So basically I am making a twitch bot that lets users vote with emotes in chat and then generates a little HTML graphics (two emotes on different sides and a third one that moves closer to the one that is currently ahead in votes), and ran into some technical issues due to my insufficient knowledge in web dev.
I have a working twitch text bot in one .js file and a HTML page with graphics which are controlled by another .js file. (1. Is this a bad setup for what I am trying to make?)
The first problem is that I am unable to run both the bot and the HTML at the same time. (2. Is it possible on Glitch at all? 3. Is it possible with my current setup and if so, how?)
When I run the bot and click live it endlessly shows me the “Starting” page.
The second problem is that I don’t how my HTML js script can grab my twitch bots voting data\variable to change the HTML accordingly.
Would love to hear solutions\things I need to learn to make this work.
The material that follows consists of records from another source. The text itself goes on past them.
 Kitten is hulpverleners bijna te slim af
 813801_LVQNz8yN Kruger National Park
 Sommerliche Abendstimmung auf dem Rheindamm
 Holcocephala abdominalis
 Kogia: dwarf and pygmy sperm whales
Maybe have a package.json starting the project on the bot js file, then inside the bot file, have express running the html! That should work maybe.
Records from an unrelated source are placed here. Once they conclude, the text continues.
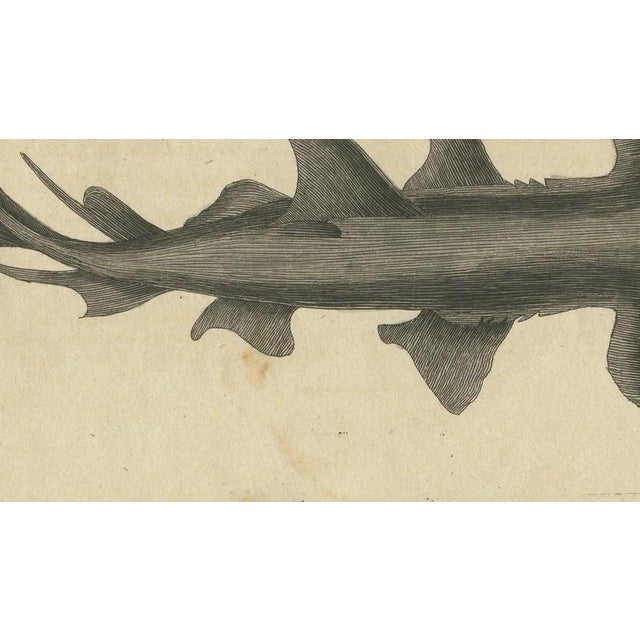 19th Century Bertuch, Hammerhead Shark with Pipefish and Sea Moths, 1820, Print For Sale - Image 5 of 12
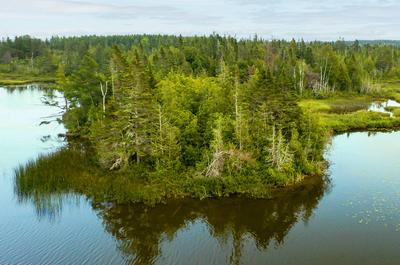 Lac des Robin_2   © D.Racine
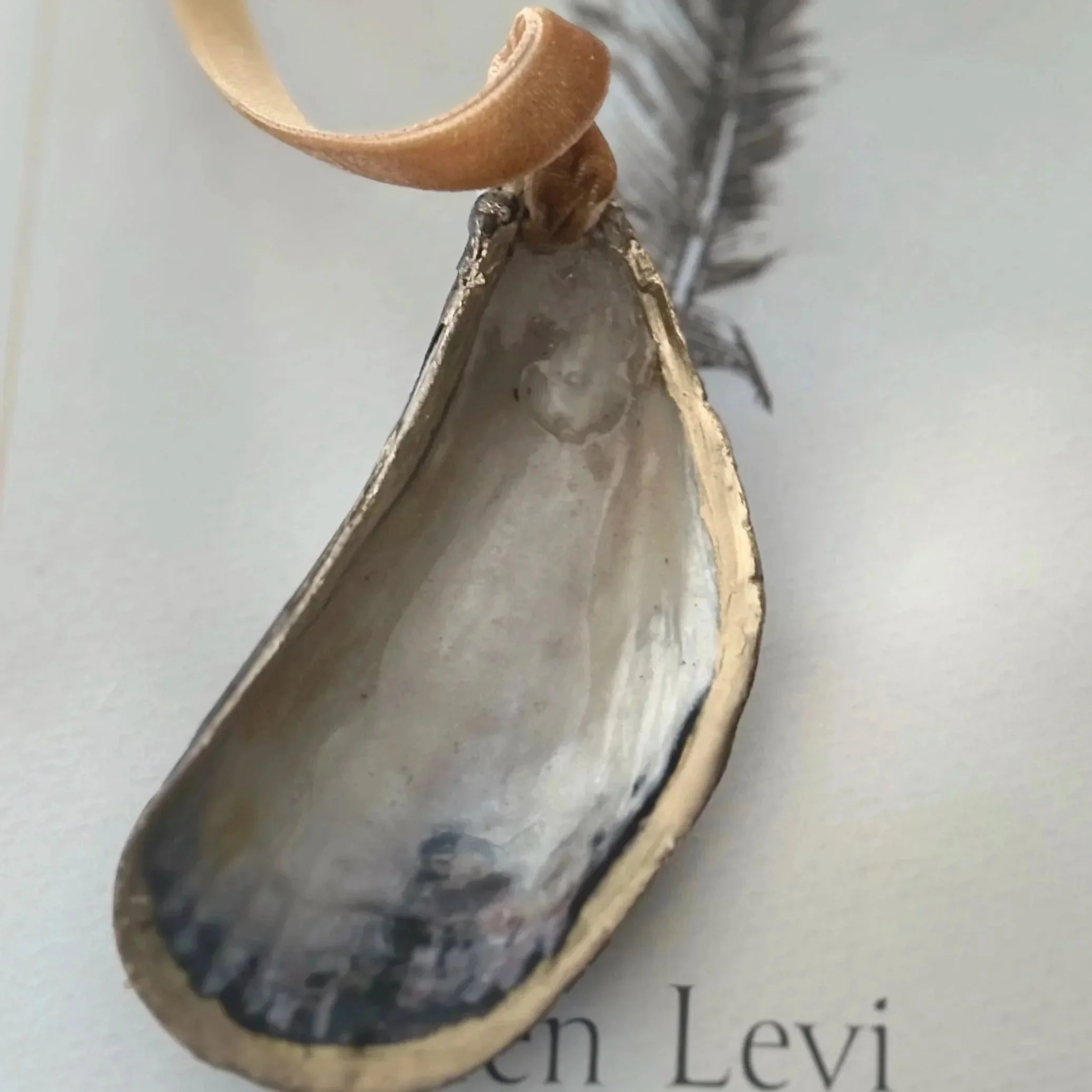 Mussel shell bookmarks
Hey @Zitgard, welcome to the Glitch forum!
I’ll give my quick opinions on your questions:
- from what I understand about your requirements this seems like a reasonable architecture
- Yes, this is possible. Your bot doesn’t use the open port that Glitch provides for its normal operations, so you can set up some sort of web server to serve your web page that listens to the proper port and serves up your site. Express is a great npm package for this, and is the default that a new Glitch project starts you out with. Here’s a sample express config that might get you started, but let folks here know if you need more info.
- I think this is answered by (2) above. Once you have that set up and operating, the constant Starting page and the continual restarts will also stop.
I’ll let smarter folks than me weigh in on the Twitch bot side of things - I have little experience there. But it will probably help if you can tell us the name of the project you’re working on, since specific answers will make more sense than general ones.